# Time for the show...



## firemanbob (Mar 15, 2006)

Hey ya' all. Thought I'd share some pics. Trying to tell if these are girls or not. I think it may be too early though. Started flowering about 1 week ago. There's a little leaf discoloration down low..not sure if that's a bad sign or not.

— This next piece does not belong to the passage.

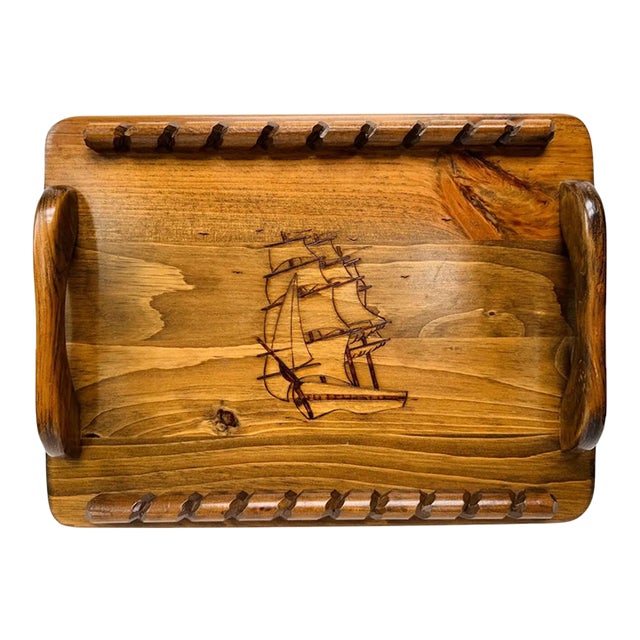 Vintage Handcrafted Wood Bar Tray With Pyrography Sailing Ship For Sale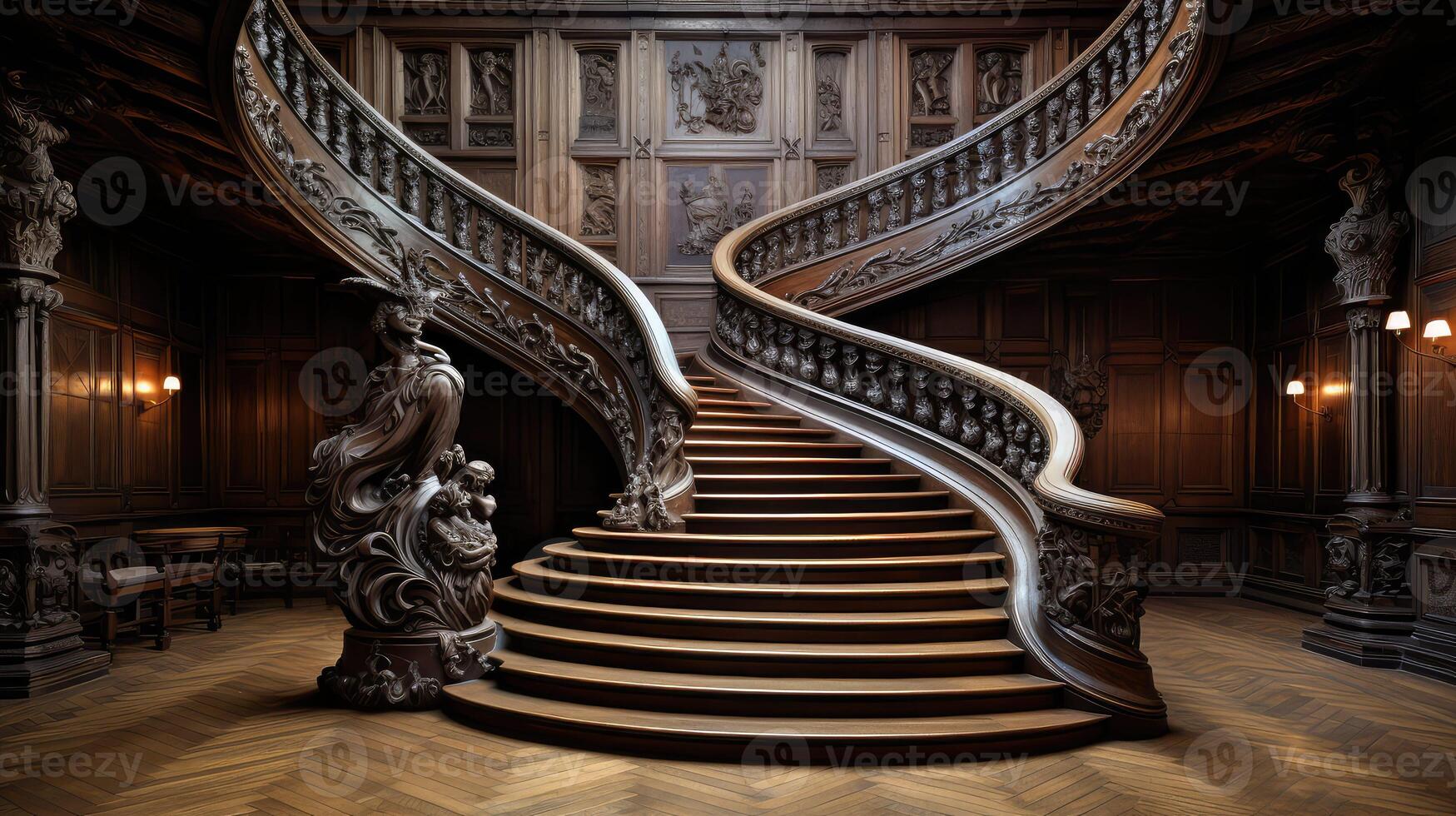 ornate wooden staircase photo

Any comments/suggestions are welcomed!  This is my first whack at this.


----------



## FireWeed (Mar 16, 2006)

Ya i think its to early to tell. But the plants look real good. I like your lite setup how you got light comin from all directions thats pretty sweet.


----------



## firemanbob (Mar 16, 2006)

Yea, setup Soft White, Warm White and incandescent.  I figure I'd hit a wider spectrum of light.  So far so good, but I'm concerned about the dying of leaves at the bottom of a couple of the plants.  They were like that before I stuck that Flo in the middle.


----------



## tallslim (Mar 17, 2006)

you take some pretty nice photos.  what resolution do you have it on?


----------



## THE BROTHER'S GRUNT (Mar 17, 2006)

whats up firemanbob. welcome to the family. your babies are looking good and healthy. what strain? how old? soil or hydro? lighting? are you using ferts? leaves start to die from the bottom up on a plant. is it just on the bottom?


----------



## firemanbob (Mar 17, 2006)

Thanks guys. I truly appreciate any feedback as I am so new to this and have nobody to really guide me. But alas, I think I have bad news. This morning I think I've seen Hairy Balls crop up on 2 of the plants. See pics below....I sure hope these aren't male!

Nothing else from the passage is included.